**Work task:** Beginning with the line containing "Designed 3BR in Frishman 15 by HolyGuest" and ending with the last line of the records, set down every line exactly.

Stored items:
◆ ◆ ◆ ◆ ◆

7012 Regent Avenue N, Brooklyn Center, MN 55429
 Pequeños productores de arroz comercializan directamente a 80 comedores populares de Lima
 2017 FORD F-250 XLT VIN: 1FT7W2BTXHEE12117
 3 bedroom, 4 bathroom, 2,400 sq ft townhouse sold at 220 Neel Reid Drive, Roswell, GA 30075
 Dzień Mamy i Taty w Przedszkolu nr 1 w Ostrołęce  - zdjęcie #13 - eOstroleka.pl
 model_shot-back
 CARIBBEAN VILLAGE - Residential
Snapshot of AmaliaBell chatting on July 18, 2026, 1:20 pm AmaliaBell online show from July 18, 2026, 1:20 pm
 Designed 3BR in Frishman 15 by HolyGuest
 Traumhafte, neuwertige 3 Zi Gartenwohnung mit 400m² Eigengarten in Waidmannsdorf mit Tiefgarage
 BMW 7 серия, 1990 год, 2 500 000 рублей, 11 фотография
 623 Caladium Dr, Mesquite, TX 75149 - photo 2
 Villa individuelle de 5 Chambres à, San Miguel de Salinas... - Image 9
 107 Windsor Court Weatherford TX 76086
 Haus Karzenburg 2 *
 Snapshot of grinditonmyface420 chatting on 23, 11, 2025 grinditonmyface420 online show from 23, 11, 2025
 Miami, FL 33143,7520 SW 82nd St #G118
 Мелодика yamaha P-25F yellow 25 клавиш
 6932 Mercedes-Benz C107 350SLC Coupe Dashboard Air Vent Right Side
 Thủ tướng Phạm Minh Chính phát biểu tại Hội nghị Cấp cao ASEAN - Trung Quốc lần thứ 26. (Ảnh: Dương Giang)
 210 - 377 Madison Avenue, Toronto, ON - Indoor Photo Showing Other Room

◆ ◆ ◆ ◆ ◆

**Task solution:**
 Designed 3BR in Frishman 15 by HolyGuest
 Traumhafte, neuwertige 3 Zi Gartenwohnung mit 400m² Eigengarten in Waidmannsdorf mit Tiefgarage
 BMW 7 серия, 1990 год, 2 500 000 рублей, 11 фотография
 623 Caladium Dr, Mesquite, TX 75149 - photo 2
 Villa individuelle de 5 Chambres à, San Miguel de Salinas... - Image 9
 107 Windsor Court Weatherford TX 76086
 Haus Karzenburg 2 *
 Snapshot of grinditonmyface420 chatting on 23, 11, 2025 grinditonmyface420 online show from 23, 11, 2025
 Miami, FL 33143,7520 SW 82nd St #G118
 Мелодика yamaha P-25F yellow 25 клавиш
 6932 Mercedes-Benz C107 350SLC Coupe Dashboard Air Vent Right Side
 Thủ tướng Phạm Minh Chính phát biểu tại Hội nghị Cấp cao ASEAN - Trung Quốc lần thứ 26. (Ảnh: Dương Giang)
 210 - 377 Madison Avenue, Toronto, ON - Indoor Photo Showing Other Room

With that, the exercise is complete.